Ab initio Folding Potentials for Nucleon-Nucleus Scattering based on NCSM One-Body Densities

TL;DR

This paper develops a microscopic optical potential for nucleon-nucleus scattering using ab initio nuclear densities and chiral NN interactions, accurately predicting scattering observables for light nuclei at intermediate energies.

Contribution

It introduces a fully consistent folding model combining NCSM-derived densities with chiral NN interactions for scattering calculations.

Findings

Accurately reproduces scattering data up to 60 degrees.

Demonstrates the effectiveness of ab initio densities in optical potential calculations.

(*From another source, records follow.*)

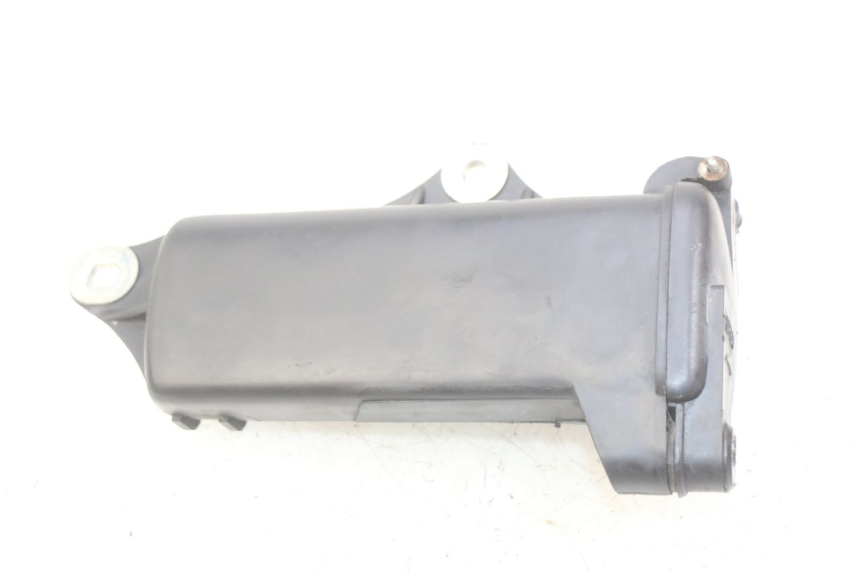 photo de GLOVE BOX HONDA XR L 125 (2003 - 2007) - Alternative perspective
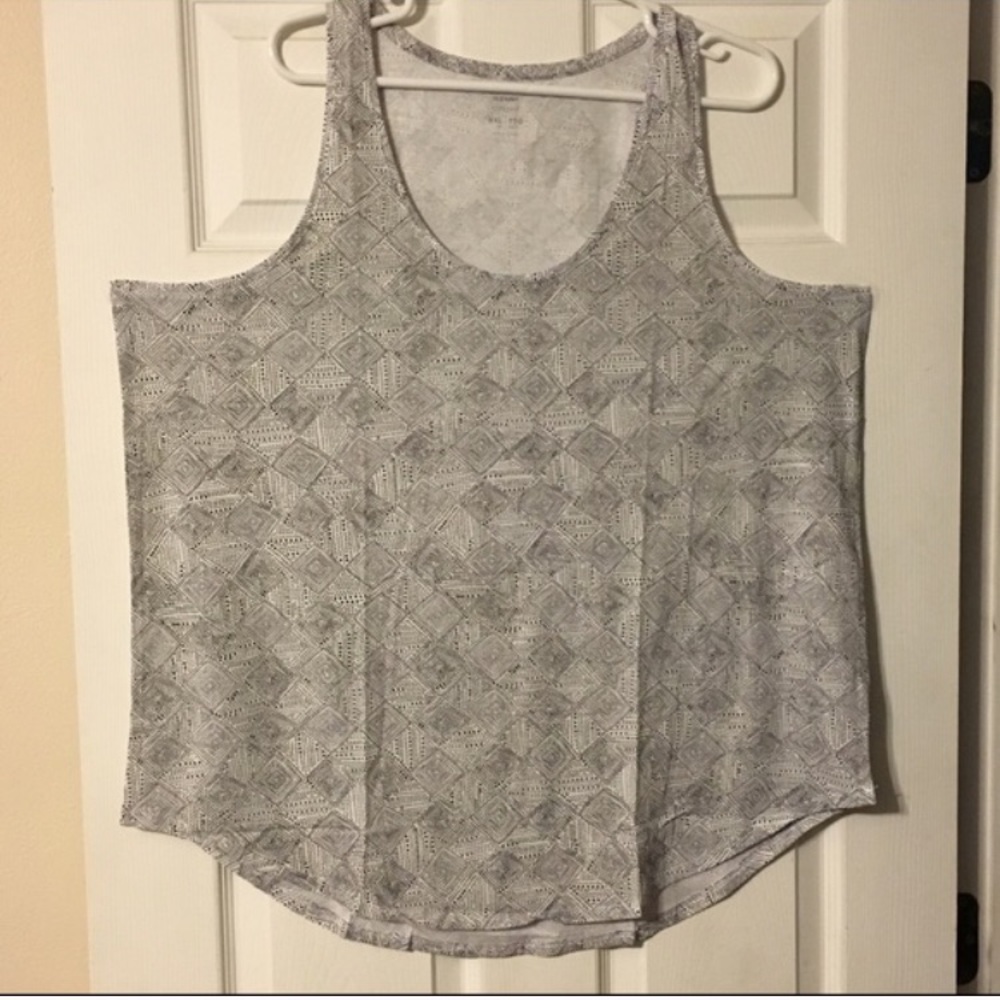 ➕ NWT Relaxed Fit Racerback Tank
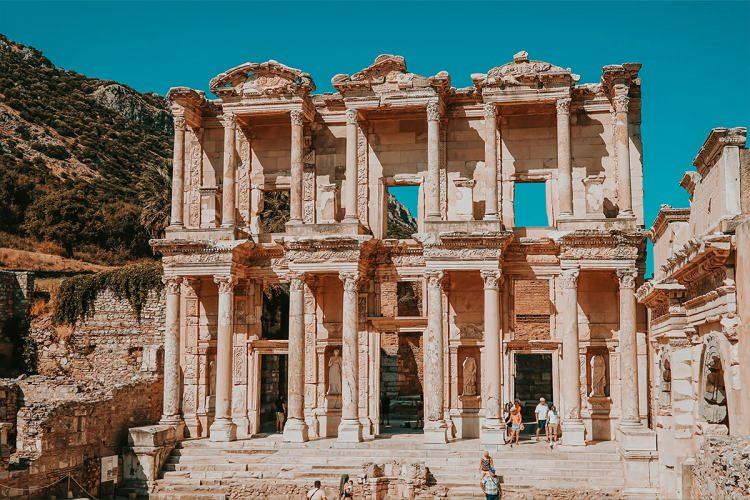 <p><strong>(İzmir Efes Antik Kent)</strong></p>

Validates the use of chiral NN interactions in scattering models.

Abstract

Calculating microscopic optical potentials for elastic nucleon-nucleus scattering has already led to large body of work in the past. For folding first-order calculations the nucleon-nucleon (NN) interaction and the one-body density of the nucleus were taken as input to rigorous calculations in a spectator expansion of the multiple scattering series. Based on the Watson expansion of the multiple scattering series we employ a nonlocal translationally invariant nuclear density derived from a chiral next-to-next-to-leading order (NNLO) and the very same interaction for consistent full-folding calculation of the effective (optical) potential for nucleon-nucleus scattering for light nuclei. We calculate scattering observables, such as total, reaction, and differential cross sections as well as the analyzing power and the spin-rotation parameter, for elastic scattering of protons and neutrons from $^4$He, $^{6}$He, $^{12}$C, and $^{16}$O, in the energy regime between 100 and 200~MeV projectile kinetic energy, and compare to available data. Our calculations show that the effective nucleon-nucleus potential obtained from the first-order term in the spectator expansion of the multiple scattering expansion describes experiments very well to about 60 degrees in the center-of-mass frame, which coincides roughly with the validity of the NNLO chiral interaction used to calculate both the NN amplitudes and the one-body nuclear density.